The Supreme Court will hand down its long-awaited ruling on the constitutionality of the Affordable Care Act, aka ObamaCare, this Thursday.
The most likely piece of the legislation to be struck down, if any, according to the pundits, is the individual mandate requiring individuals to purchase insurance. That said, nobody knows what the Court will rule.
Four Scenarios for Thursday's Ruling on Health Care offers a good summary of the various possibilities and what they would mean:
"The Supreme Court’s eagerly awaited ruling on the 2010 federal
health-care law is expected on Thursday, when the court will announce
its final opinions of the term.
The high court announced two decisions on Monday. Three more, including the health-care case, remain pending.

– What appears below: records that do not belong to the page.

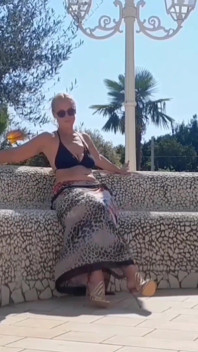 Selena's Outdoor Posing and Sex in Heels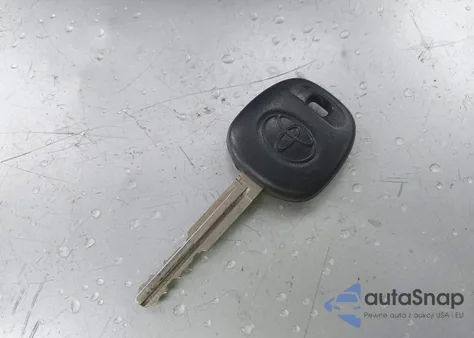 2018 Toyota Rav4 Xle from USA, damaged, VIN JTMWFREV8JJ195584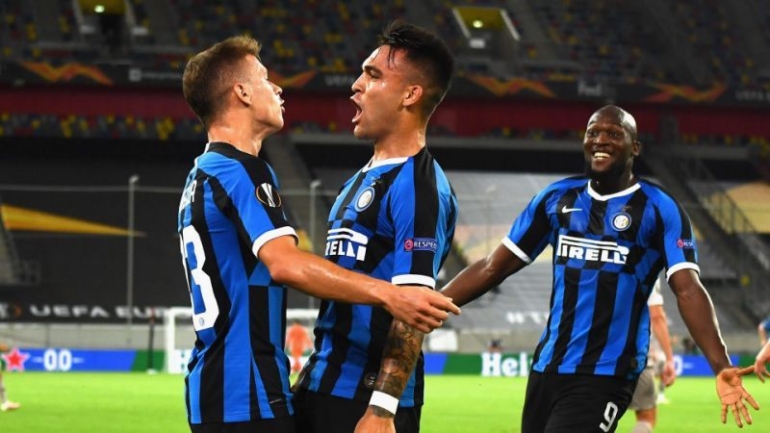 Lautaro Martinez (tengah) dan Romelu Lukaku (kanan) membawa Inter Milan ke final Europa League. Keduanya mencetak dua gol saat Inter menang 5-0 atas Shakhtar Donetsk di semifinal dini hari tadi/Foto: https://sports.yahoo.com/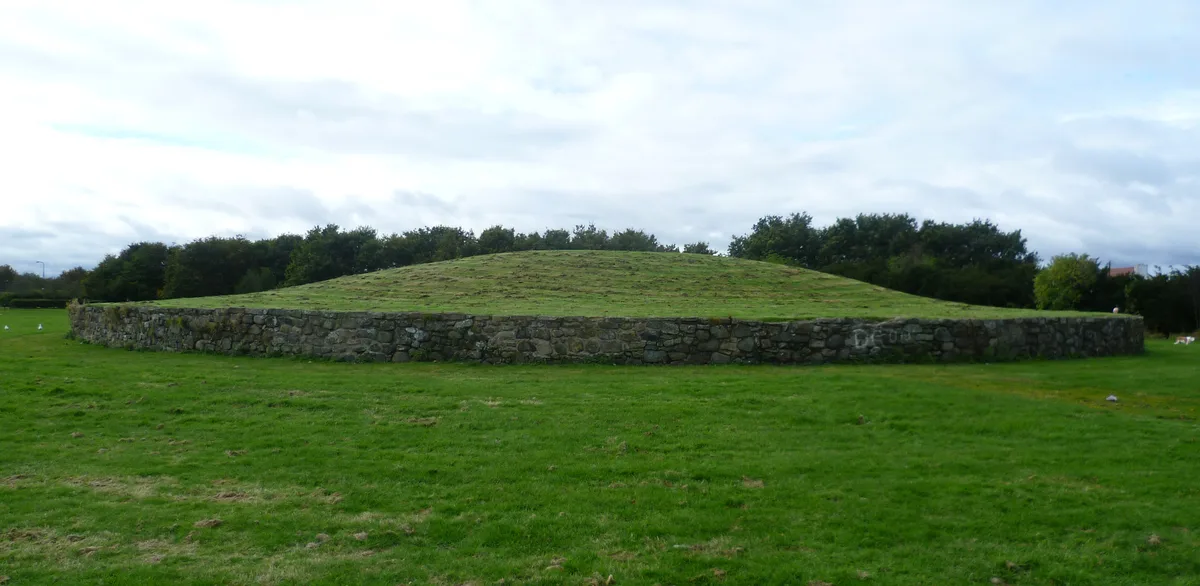 Huly Hill, cairn & stone circle SW of Newbridge roundabout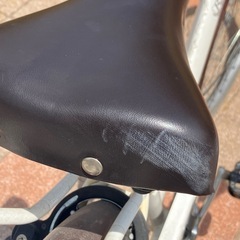 自転車　27インチ　６段変速　オートライト　ホワイト　白　　の画像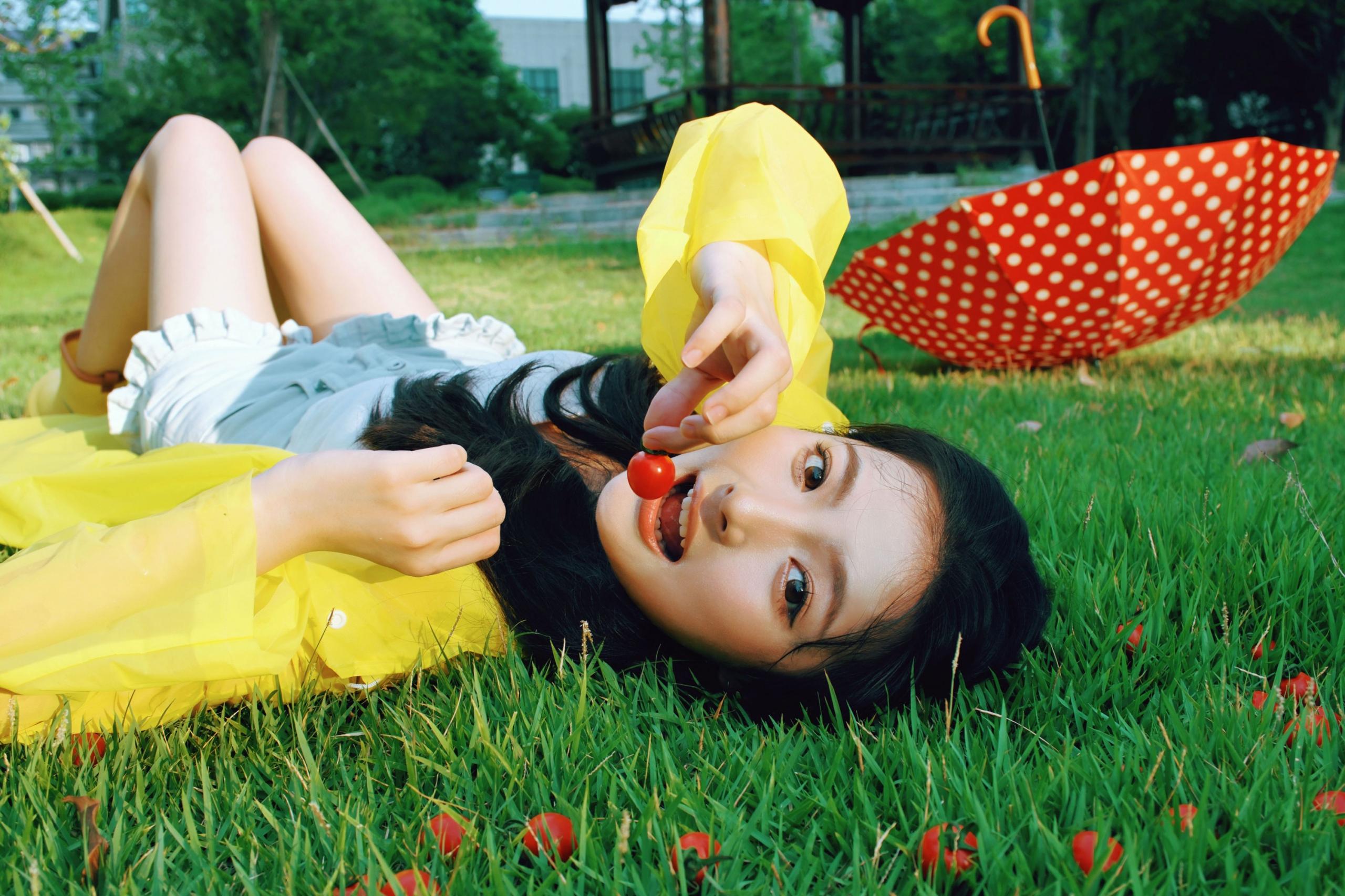 何薇羽 – 《蕃茄味的夏天》[9P]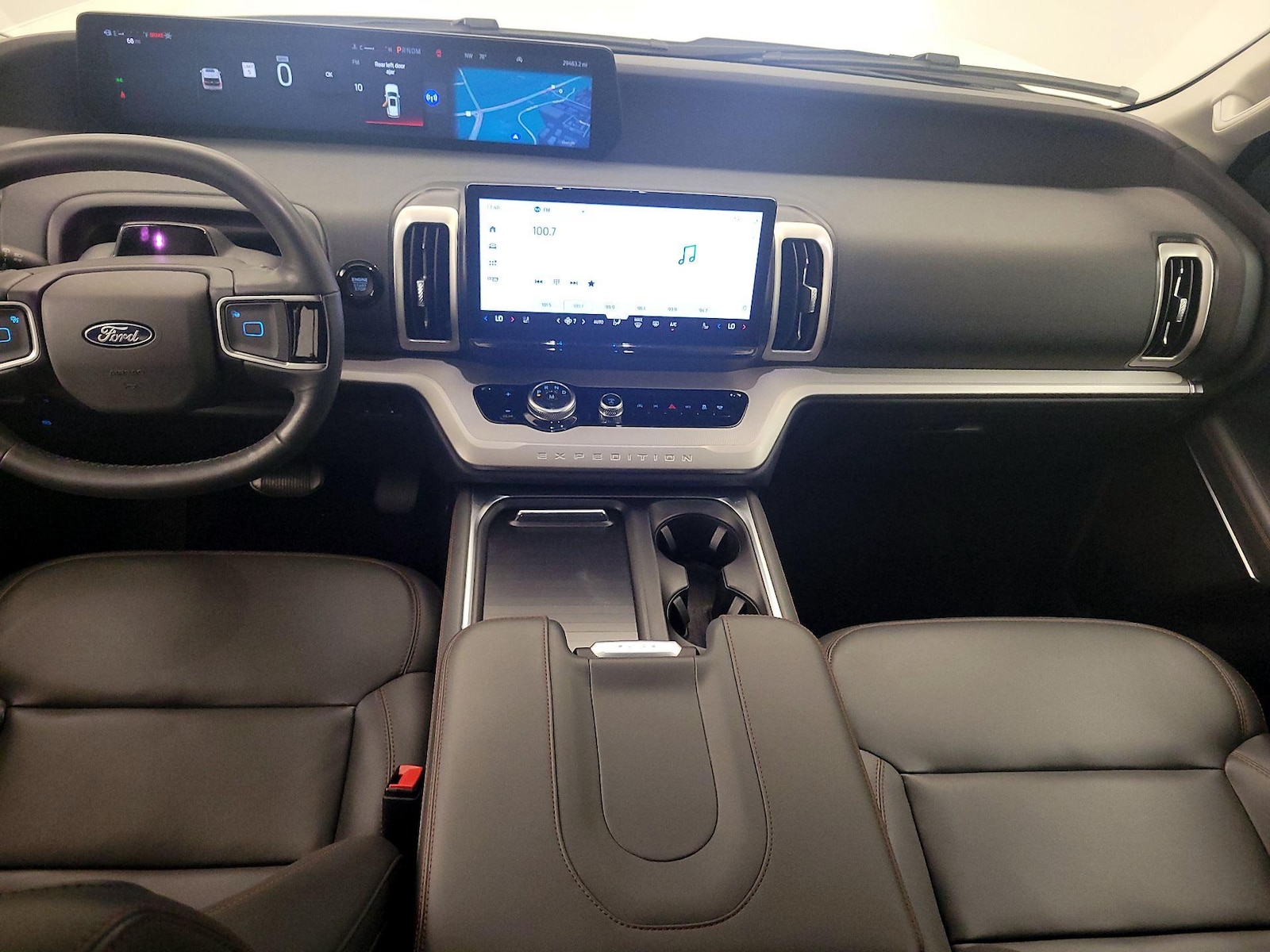 2025 Ford Expedition Active - Photo 10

Chief Justice John Roberts announced from the bench
that Thursday will be the court’s final session before it takes a summer
break. The chief justice said all remaining opinions will be announced
then.
On the health care law, here are the most likely four scenarios on
how the court could rule, shown in order of how much of the law would be
struck down:
Scenario #1: The entire law is upheld.
The high court may conclude—as the majority of lower courts did—that
Congress was acting within its powers under the Constitution when it
required most Americans to carry health insurance or pay a penalty. That
provision was at the center of the two-year legal battle, and if it
survives, the rest of the law is likely to stay as well.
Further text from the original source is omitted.